En effet, si la violence accomplit d'un coup ce que la raison et la délibération empêcheront toujours : faire plier tout le monde sans discussion (p47), alors pourquoi s'en passer ?
François Cusset remarque que dans le grand virage néolibéral des années 80, "La violence qui est la sage femme de l'histoire" s'est vue désavouée, exorcisée. Toute forme de révolte politique directe et active s'est retrouvée disqualifiée stratégiquement et réprimée policièrement. Partout on a rendu les armes, désavoué la violence, et fait le deuil de la violence politique avec ce qu'il suppose d'oubli, de mélancolie et d'abjuration (p203)
Ce qui domine aujourd'hui dans notre société, c'est, d'un côté l'hypersensibilité à la violence, la chute du seuil admissible de violence interpersonnelle, et de l'autre côté, indissociablement, l'acceptation indifférente de la violence de masse (sans-abris, demandeurs d'asile, licenciements etc).

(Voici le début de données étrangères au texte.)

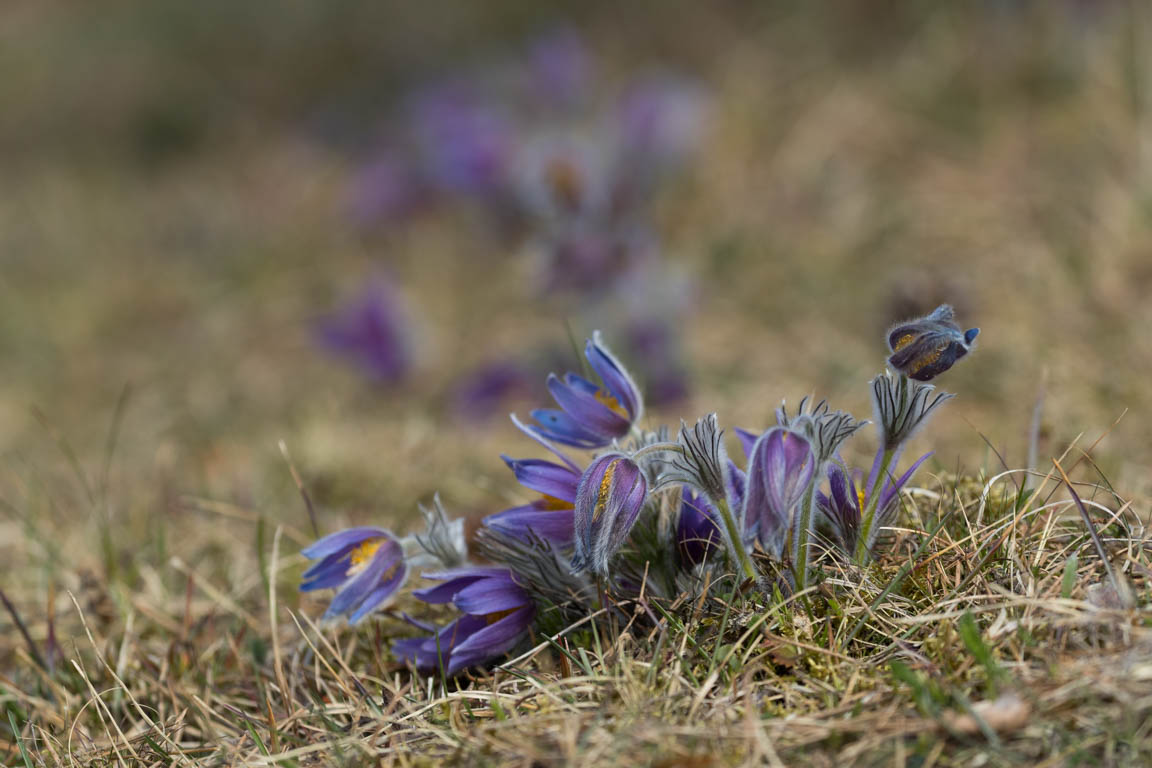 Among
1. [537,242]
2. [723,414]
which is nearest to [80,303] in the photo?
[537,242]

La violence est désormais dissimulée, un peu comme l'est celle de la mise à mort industrielle de l'animal dont la viande sous vide de nos rayons de supermarché ne porte plus aucune trace (p73).
D'autre part la violence est devenue systémique dans le sens où elle traverse et s'inscrit au cœur de l'ensemble de nos structures économiques, sociales et de nos dispositions affectives.
(p88) La finance, qui coiffe le système économique mondial est littéralement une structure, l'architecture même de la société mondiale, au double sens de plan abstrait et de lieu où l'on vit . Les flux du capital, dans leur opacité, dictent une partie des lois et, par le relais de l'état, la conduite d'institutions majeures qui répondaient autrefois à des logiques partiellement autonomes - biaisées peut être , mais pas avant tout par la règle comptable.
(p82) L'impératif comptable d'optimisation de rentabilisation du temps est à l'origine de la violence systémique. La violence ponctuelle, non systémique, est celle qui voit surgir un drame dans le temps ordinaire qu'elle déchire soudain. La violence systémique elle, est la colonisation systématique du temps . L'obligation intériorisée de faire mieux, plus vite, moins cher, plus d'argent, moins d'attente. La fin du vide. Cette violence là n'explose pas; elle s'approprie le temps, surcharge l'atmosphère, l'électrise sans répit. C'est bien en s'exerçant sur le temps, à même la durée effectivement vécue, que la violence du pouvoir devient systémique.
La violence systémique est surtout celle des règles et des structures. Elle parait être sans cause et sans volonté propre et détruit des vies sans qu'on puisse la localiser ni l'imputer à un ennemi précis. Elle est une ambiance, comme dans une séance de spiritisme ou dans un concert, une sorte d'envoûtement des choses les unes par les autres.
p99) La mondialisation a permis d'étendre et d'harmoniser les règles favorables aux multinationales et aux grands argentiers, pendant que les avocats internationaux profitaient des vides juridiques entre états pour faire autoriser ici ou là les pratiques de délocalisation, de dumping social ou d'évasion fiscale.
p132) De nos jours le monopole de la violence légitime n'appartient plus à l'état, ou plus seulement, mais au capital et à sa domination systémique. L'état qui pendant plus de trois siècles a policé les sociétés n'est plus chargé que de la police*.
Aujourd'hui, c'est le marché qui s'occupe de policer et de civiliser les peuples et de les dé-civiliser.
Ozias
* à ce sujet la déclaration que le ministre de l'intérieur vient de faire au sujet des casseurs est significative :
«Si on veut garder demain le droit de manifester, qui est une liberté fondamentale, il faut que les personnes qui veulent exprimer leur opinion puissent s’opposer aux casseurs et ne pas, par leur passivité, être complices de ce qui se passe.»